Regarding the disinvestors, in theory it should
(i) create wealth to take cash out of a bad business, and
(ii) destroy wealth to disinvest in a good business.
However, in reality quite a few high-par businesses create wealth even for those ignorant enough not to invest in them, so the statistics are inconclusive. Vice versa, it is more fruitful to sell a low-par business than run it for cash (buyers will buy on the basis of actual ROI).
We could also do the right hand chart lining up businesses by market size or market growth. Market size requires some heroic estimation, but the evidence is that market size has a negative correlation with IRR. Market growth does have a positive correlation, but it is much weaker than par ROI. As an investor, beware of corporations going for “large, growing, profitable” markets.
Investment success factors are not only measurable using consistent metrics across different industries, but have identical impacts on performance in different industries, different geographies, and different years.
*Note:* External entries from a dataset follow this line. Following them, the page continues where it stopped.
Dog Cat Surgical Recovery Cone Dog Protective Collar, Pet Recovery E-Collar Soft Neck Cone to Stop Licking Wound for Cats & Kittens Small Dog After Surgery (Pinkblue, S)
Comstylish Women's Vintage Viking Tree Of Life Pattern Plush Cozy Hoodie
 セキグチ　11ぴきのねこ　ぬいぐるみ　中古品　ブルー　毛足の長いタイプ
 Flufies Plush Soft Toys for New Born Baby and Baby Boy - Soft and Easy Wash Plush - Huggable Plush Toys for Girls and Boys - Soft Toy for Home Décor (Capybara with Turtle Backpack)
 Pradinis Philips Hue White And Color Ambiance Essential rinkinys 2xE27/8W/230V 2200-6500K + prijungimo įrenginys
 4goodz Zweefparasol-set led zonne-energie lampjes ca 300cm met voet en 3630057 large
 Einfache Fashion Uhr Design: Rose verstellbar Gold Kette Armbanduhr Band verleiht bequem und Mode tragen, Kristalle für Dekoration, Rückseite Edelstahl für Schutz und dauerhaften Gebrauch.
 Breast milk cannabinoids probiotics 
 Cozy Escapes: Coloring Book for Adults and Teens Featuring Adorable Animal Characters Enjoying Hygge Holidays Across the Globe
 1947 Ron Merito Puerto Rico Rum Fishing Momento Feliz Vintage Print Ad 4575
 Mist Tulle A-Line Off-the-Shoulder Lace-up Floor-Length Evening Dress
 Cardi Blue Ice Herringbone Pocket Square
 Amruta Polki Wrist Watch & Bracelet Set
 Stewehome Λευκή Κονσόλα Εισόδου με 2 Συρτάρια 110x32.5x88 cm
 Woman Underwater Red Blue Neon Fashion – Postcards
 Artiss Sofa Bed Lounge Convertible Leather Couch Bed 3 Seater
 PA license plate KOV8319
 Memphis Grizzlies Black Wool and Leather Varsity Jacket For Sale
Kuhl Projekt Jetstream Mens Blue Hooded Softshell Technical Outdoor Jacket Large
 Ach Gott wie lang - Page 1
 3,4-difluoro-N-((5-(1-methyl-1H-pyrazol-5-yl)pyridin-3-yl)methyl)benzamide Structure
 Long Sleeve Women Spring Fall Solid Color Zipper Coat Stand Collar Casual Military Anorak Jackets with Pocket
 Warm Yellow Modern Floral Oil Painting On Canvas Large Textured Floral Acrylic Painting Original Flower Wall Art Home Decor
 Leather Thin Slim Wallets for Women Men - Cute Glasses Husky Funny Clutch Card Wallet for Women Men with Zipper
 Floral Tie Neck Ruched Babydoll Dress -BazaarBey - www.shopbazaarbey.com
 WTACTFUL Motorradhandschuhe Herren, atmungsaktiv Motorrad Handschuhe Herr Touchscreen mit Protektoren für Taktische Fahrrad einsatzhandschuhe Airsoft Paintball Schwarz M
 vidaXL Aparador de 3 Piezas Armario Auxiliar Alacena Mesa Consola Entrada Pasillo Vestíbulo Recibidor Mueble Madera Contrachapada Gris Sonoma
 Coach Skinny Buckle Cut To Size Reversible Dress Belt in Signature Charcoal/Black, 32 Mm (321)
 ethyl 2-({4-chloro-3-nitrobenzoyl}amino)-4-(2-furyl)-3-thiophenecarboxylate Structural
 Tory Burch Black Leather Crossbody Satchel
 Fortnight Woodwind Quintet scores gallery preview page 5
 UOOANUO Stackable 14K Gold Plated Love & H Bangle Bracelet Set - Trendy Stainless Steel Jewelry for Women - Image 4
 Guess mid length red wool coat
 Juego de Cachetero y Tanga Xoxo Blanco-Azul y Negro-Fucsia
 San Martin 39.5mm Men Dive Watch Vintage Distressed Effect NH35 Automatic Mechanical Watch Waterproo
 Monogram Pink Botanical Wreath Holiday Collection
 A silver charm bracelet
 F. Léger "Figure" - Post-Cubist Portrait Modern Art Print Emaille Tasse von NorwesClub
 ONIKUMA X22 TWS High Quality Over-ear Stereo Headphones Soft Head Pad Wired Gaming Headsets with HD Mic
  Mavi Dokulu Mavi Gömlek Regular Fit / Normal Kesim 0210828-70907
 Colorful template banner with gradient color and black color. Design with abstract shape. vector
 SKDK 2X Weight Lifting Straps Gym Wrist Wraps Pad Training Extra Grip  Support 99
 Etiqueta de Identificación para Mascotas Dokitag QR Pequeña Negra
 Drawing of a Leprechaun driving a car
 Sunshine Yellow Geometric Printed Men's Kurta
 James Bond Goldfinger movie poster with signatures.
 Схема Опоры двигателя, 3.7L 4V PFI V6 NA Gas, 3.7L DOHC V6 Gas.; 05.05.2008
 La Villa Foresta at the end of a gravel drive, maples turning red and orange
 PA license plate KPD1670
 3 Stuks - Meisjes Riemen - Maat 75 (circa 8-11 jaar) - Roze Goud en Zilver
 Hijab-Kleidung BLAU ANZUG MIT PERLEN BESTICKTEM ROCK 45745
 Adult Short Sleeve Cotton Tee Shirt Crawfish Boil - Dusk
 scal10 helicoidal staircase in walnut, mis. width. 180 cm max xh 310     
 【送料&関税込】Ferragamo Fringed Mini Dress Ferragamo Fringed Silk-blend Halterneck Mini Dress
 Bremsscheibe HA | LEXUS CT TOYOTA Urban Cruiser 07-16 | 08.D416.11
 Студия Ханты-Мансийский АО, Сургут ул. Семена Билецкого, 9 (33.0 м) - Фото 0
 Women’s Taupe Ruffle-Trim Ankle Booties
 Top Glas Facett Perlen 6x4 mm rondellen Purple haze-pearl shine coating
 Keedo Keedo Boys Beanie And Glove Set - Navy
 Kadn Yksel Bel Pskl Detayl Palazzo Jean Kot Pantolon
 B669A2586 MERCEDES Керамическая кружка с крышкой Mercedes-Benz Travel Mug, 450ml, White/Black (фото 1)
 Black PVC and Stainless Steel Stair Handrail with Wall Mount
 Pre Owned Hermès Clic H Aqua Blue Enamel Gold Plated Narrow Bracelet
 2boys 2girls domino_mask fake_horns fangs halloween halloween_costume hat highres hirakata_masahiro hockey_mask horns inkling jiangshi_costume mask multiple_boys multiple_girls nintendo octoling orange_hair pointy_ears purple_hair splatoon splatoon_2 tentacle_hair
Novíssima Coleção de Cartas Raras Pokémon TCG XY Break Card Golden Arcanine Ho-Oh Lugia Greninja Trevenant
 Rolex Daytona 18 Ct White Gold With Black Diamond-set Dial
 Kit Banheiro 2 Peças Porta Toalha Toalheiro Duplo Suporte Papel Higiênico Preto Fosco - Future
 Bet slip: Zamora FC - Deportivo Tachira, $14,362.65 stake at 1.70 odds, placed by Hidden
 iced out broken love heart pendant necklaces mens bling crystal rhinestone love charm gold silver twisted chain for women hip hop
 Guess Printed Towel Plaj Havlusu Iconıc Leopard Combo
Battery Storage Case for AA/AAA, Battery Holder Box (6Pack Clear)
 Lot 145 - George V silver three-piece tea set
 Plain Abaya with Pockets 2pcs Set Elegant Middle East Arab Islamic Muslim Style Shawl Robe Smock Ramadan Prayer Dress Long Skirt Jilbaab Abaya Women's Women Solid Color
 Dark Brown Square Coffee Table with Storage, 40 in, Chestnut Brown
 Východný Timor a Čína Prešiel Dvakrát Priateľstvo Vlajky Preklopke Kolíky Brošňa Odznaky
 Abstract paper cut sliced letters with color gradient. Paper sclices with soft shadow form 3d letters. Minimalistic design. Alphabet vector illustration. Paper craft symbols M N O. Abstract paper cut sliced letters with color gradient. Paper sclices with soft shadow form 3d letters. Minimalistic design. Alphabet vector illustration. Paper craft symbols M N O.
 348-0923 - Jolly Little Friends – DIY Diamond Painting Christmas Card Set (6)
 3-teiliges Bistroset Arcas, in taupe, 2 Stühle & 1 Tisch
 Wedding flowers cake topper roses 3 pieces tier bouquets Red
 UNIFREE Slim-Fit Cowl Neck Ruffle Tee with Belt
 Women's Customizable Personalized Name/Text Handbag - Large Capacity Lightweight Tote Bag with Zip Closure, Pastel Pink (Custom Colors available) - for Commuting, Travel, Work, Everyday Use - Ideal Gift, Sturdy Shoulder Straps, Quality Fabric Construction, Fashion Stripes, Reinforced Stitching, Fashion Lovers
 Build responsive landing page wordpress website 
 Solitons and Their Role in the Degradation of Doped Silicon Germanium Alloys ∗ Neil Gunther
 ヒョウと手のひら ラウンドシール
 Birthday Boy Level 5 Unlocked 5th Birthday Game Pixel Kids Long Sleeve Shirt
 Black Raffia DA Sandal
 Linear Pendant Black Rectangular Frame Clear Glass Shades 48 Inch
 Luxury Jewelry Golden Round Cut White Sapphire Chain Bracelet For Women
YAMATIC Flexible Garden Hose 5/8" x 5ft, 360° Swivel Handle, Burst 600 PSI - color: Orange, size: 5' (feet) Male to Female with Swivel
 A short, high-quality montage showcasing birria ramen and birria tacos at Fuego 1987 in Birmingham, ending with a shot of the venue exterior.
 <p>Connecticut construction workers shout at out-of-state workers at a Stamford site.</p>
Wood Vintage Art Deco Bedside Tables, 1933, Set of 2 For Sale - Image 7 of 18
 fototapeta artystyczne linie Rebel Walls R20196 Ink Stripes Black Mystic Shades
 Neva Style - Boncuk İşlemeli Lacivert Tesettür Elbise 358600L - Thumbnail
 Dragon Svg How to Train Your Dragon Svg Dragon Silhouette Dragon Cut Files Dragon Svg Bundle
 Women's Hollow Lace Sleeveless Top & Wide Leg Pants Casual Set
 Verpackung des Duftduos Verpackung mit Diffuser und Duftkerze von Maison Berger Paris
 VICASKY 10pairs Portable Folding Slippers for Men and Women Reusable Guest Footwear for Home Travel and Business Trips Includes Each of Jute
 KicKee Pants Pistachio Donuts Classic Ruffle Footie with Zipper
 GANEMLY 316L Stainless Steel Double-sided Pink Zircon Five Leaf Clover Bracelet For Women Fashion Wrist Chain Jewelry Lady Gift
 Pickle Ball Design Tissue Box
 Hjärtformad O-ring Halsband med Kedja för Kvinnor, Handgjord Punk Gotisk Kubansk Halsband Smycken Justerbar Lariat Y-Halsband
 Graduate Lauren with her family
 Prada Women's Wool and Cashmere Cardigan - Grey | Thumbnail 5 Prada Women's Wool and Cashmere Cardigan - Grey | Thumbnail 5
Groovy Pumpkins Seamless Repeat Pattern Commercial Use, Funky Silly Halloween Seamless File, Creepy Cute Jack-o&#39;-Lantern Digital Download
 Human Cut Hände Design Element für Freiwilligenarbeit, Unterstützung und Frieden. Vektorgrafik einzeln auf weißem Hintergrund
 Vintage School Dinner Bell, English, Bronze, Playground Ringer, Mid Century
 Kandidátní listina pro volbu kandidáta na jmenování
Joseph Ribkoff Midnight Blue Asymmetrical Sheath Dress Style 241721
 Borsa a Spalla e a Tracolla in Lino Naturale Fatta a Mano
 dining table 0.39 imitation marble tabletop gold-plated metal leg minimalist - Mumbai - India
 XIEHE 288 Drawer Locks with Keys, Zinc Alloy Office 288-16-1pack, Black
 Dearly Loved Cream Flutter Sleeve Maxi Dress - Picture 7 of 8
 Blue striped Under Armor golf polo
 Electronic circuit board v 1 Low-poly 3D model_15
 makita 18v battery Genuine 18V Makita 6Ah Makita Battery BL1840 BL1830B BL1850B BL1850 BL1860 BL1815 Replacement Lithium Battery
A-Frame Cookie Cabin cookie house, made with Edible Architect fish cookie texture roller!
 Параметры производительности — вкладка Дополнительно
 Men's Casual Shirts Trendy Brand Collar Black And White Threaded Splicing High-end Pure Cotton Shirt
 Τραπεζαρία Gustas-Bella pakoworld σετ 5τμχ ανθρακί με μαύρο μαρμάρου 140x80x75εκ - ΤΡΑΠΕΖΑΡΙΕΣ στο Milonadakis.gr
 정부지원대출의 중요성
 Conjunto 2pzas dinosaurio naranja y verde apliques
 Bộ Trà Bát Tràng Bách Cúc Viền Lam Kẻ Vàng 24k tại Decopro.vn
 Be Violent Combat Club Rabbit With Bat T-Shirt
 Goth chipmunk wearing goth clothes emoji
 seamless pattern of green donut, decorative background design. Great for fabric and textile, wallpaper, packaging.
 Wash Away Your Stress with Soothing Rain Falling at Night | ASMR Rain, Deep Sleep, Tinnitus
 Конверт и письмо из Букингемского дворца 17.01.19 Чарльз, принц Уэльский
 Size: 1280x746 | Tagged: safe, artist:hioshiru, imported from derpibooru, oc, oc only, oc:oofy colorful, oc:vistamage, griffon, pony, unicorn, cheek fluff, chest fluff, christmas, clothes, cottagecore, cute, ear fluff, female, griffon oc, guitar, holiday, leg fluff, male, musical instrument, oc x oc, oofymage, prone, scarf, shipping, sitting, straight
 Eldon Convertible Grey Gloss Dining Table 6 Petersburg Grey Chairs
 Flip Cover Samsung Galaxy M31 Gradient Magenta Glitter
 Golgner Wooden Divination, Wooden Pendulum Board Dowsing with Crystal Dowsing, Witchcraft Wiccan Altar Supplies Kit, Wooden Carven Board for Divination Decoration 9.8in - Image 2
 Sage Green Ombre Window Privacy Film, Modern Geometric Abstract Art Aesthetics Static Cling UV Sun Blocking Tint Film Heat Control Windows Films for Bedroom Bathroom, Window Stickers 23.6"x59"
What matters is the strategic profile, not what a business makes.
Financial investors such as private equity firms have been talking for a decade about value creation beyond financial engineering and multiple arbitrage. The very basis for real operational and strategic value creation must be a deep understanding of the strategic, intrinsic value of a business. This is the only proper basis for an investment decision. When it comes to a price for buying or selling, obviously a valuation based on strategic, intrinsic, value leads to a completely different result than an industry-specific profit multiple based on actual EBIT(DA). Low profit businesses with high par potential could be acquired at low market-typical prices and transformed accordingly. Currently high profit but strategically weak businesses (low par) should be passed over for competitors.